• [Input]:
== Segment start ==

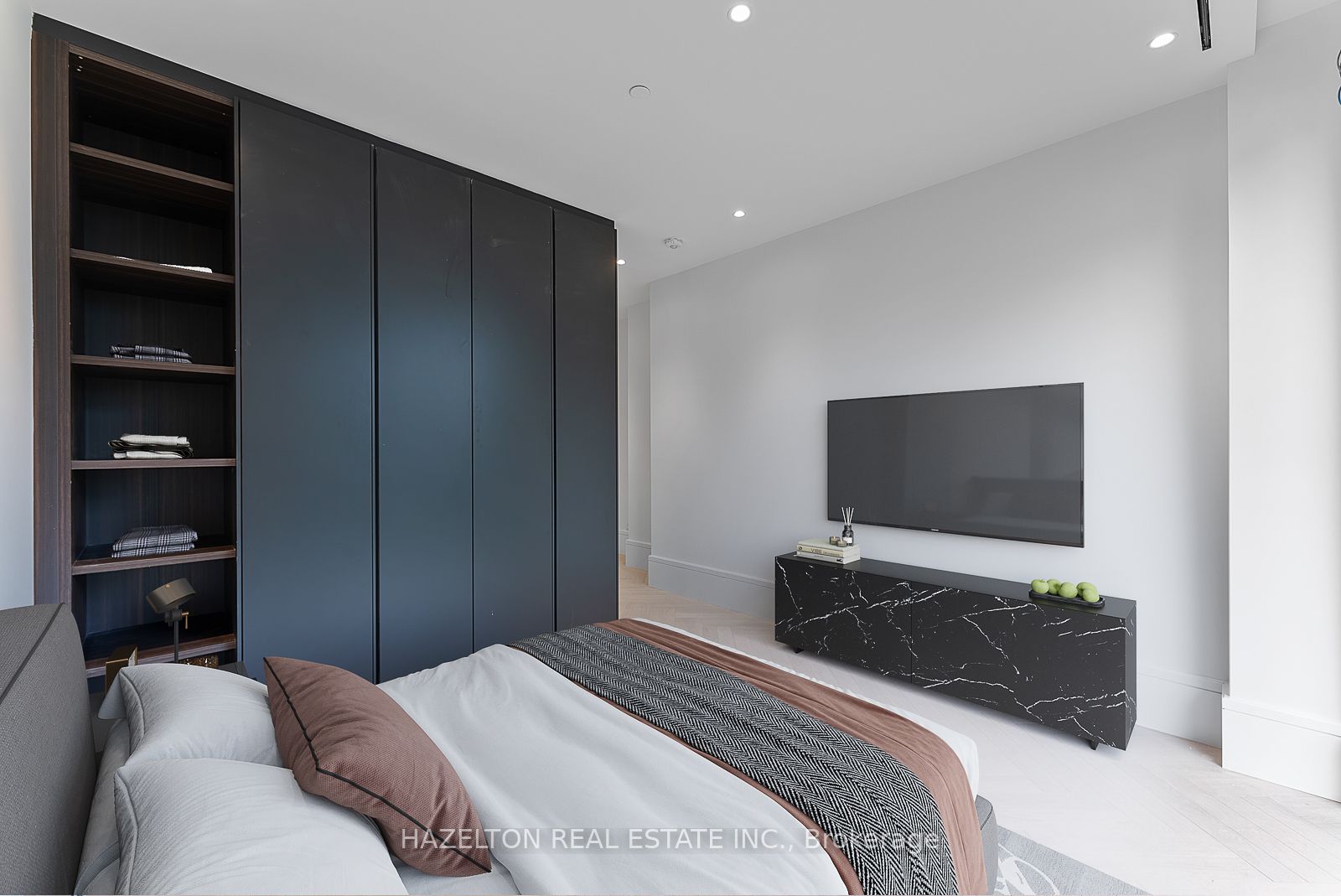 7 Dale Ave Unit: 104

== Segment end ==
== Segment start ==

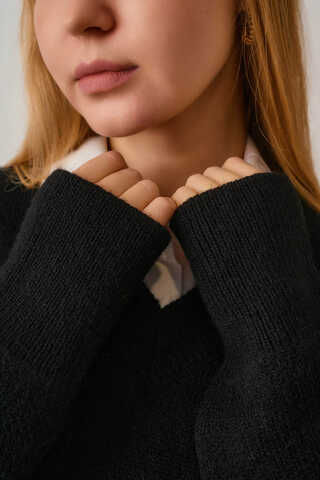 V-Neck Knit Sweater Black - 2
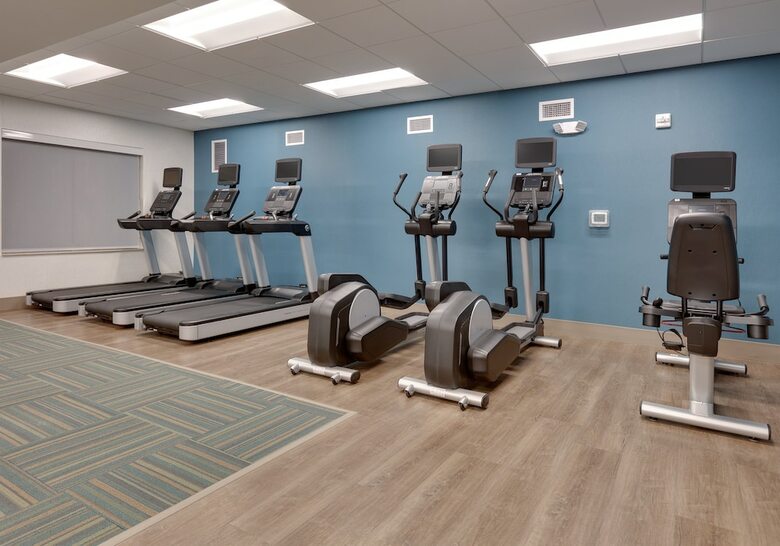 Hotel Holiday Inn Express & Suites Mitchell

== Segment end ==

• [Assignment]: Although the records hold pictures, the copy must not; give again exactly the lines from the one with "V-Neck Knit Sweater Black - 2" through the one with "Hotel Holiday Inn Express & Suites Mitchell".

• [Task result]:
 V-Neck Knit Sweater Black - 2
 Hotel Holiday Inn Express & Suites Mitchell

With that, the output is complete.